I recently read about isolation, potentially not the best thing for me to read when feeling sad like this. It got me thinking about nonprofit arts organizations and their potential (if not their intention) to bring people together. For the most part, they don’t, unless you count the monetization of art bringing people into a single museum or performance venue, having parted with money, and determined to have a good time.
I used to call that the “Phantom Effect.” Like any artistic venture's audiences, those who have seen Andrew Lloyd Webber’s The Phantom of the Opera generally fall into one of several categories: loved it, hated it, liked it, didn’t much like it, and “Was that the one with the rowboat in the basement?”
For the most part, those in the theater community have tended to fall in the loved it/hated it categories.
For those who aren’t theater people, which is the vast majority, those who have shelled out hundreds of dollars per ticket because Myrna back home told them that when you go to New York, they have to see that Phantom thing because, by gosh, it’s the best show ever and they can’t miss it because it’s worth every penny and Jesus, Mary, and Joseph, the chandelier.
Let’s say you’re that accountant from Omaha who paid a king’s ransom to a guy in Connecticut because the hotel uses that broker and you didn’t know you had to buy tickets well in advance to get a good seat. Your nose has fairly exploded with money on this venture. The house goes dark, you’re tired, disoriented, and a little excited, and the show begins.
And you hate it. Start to finish.
But you don’t tell anyone that. Because the “Phantom Effect.”
The “Phantom Effect” gauges your feelings about the show by how much you paid for the ticket. No one wants to feel like a sucker, least of all you. The show couldn’t possibly have been that horrible because look how popular it is! You alter your perception of the evening so as to justify the amount of money you sank into the venture. So, when you get back to Omaha and head out to a casino in Council Bluffs with your buddies on a Saturday night, you might tell them how incredible that Phantom thing was. You might even tell them it’s the best show ever and you can’t miss it because it’s worth every penny and Jesus, Mary, and Joseph, the chandelier.
Happens all the time. Not even consciously. It’s a version of The Emperor’s New Clothes.
The peer pressure of the holidays is much like the “Phantom Effect.” You’ll see your family, perhaps. Maybe that’s good. Maybe not. Or, if you don’t have family close by, you’ll see someone else’s family. Maybe that’s good. Maybe not. And by gosh you’ll just tell everyone how incredible they are. You might even tell them that they’re the best family ever and you wouldn’t have missed their party because it’s worth every moment and Jesus, Mary, and Joseph, the fruitcake.

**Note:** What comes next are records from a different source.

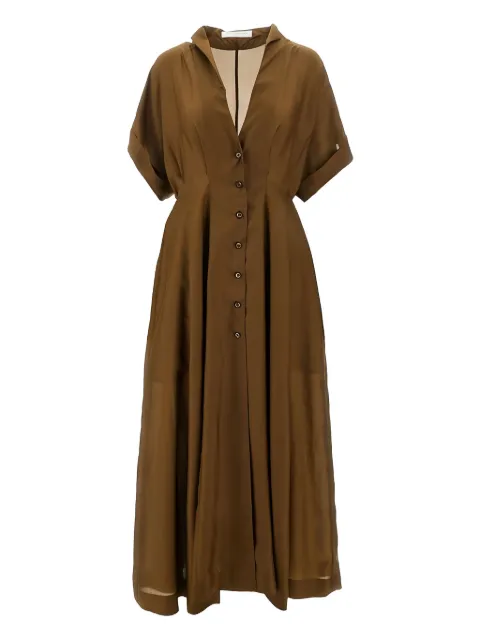 Philosophy Di Lorenzo Serafini vestido midi de seda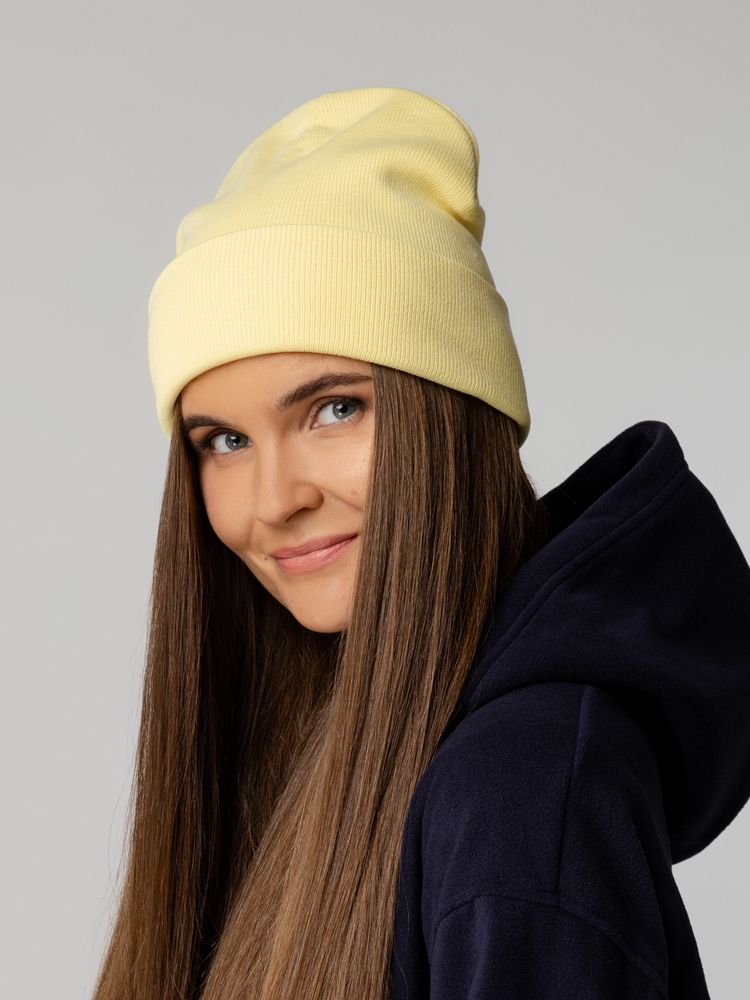 Шапка Real Talk, светло-желтая (нарцисс) (Изображение 4)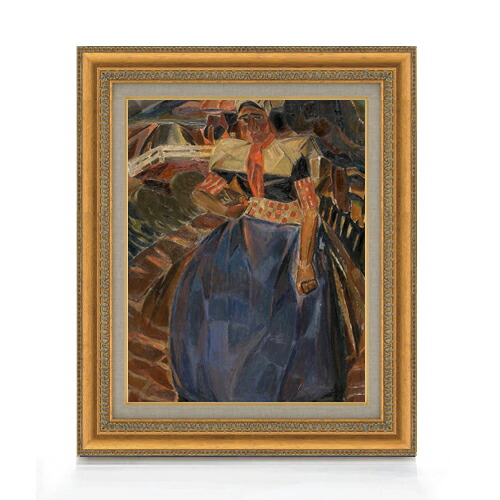【油絵 直筆仕上げ】スメット スパケンブルグ出身の女 F6 【額入り】 絵画 販売 6号 油彩 抽象画 558×467mm 複製画 送料無料 プレゼント ギフト 開店祝い 開業祝い 退職祝い 新築祝い リビング 玄関 モダン アートフレーム 壁掛け|絵画販売アートレスト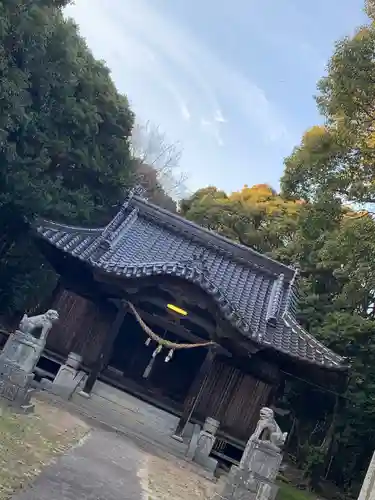 玉祖神社の本殿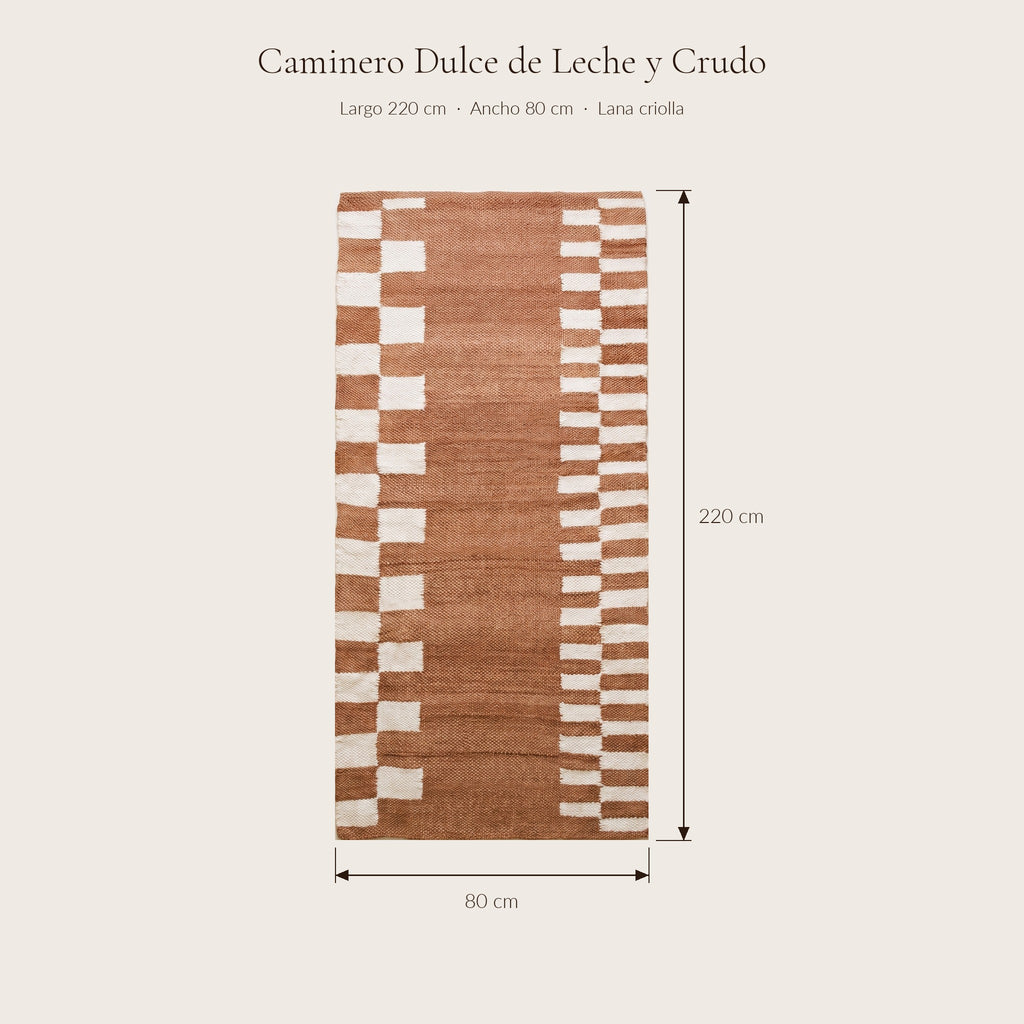 Caminero Dulce de Leche y Crudo — medidas 0,80 × 2,20 m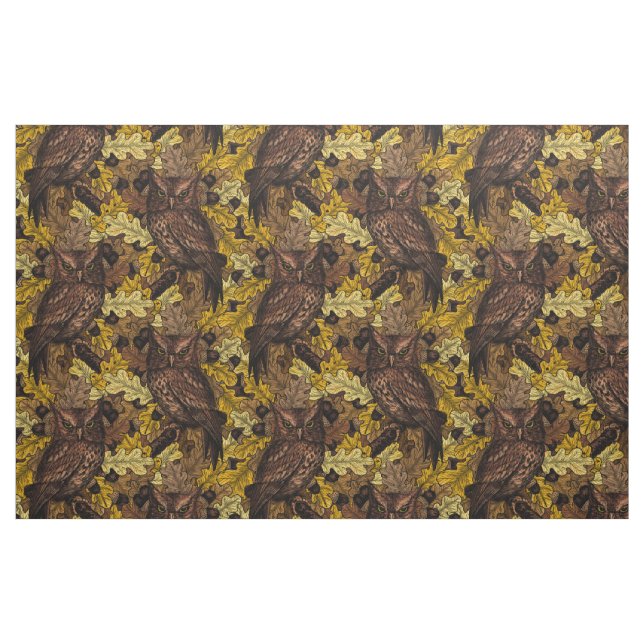 Autumn owls fabric (Fat Quarter)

The “Phantom Effect,” when applied to the family and friends, can cause people to disassociate with the periphery of friendships (and family relationships) in one’s life. You might believe that you have a boatload of friends and there will never be a time when you don’t.
“We seek the safety of isolation even as it kills us.”
—Hank Green, “A Beautifully Foolish Endeavor”
There is a point in your lifetime when you will have the most friends and family that you will ever have. Perhaps that’s now. Yet that feeling of jubilant isolation—the irrational joy you might feel when all is quiet around you—becomes apparent only when you are at, or at least near that point. Every moment beyond that point is, for the most part, a shedding of friendships. You move, they move, your kids grow up and out, your job changes—whatever the reason, there are friendships that fall by the wayside with no ill intention. Finally, at far too young an age, a lot of people find themselves nearly (or actually) alone.
Nonprofit arts organizations could solve that issue if they wanted to. They have not only the ability, but the community’s permission to create ways in which people can freely (both in terms of movement and money) meet new people, establish new friendships, and find ways not to end up alone. And yet, most continue to act like profit-making ventures that happen to take donations, having no easy community impact like that of a senior center or a Boys & Girls Club.
To my nonprofit brethren for over 30 years: in 2023, regardless of everything else you might want to achieve, both for yourself and your organization, find your impact. If you can’t figure out a way to feed, clothe, house, protect, cure, mitigate danger to, provide justice to, teach reading to, or in any way, level the playing field for people, at least you can provide the opportunity for human interaction. You know how to do that. It’s important. And it’s measurable, which should give you the impetus to find funding for it.
Or, we can continue to seek the safety of isolation even as it kills us.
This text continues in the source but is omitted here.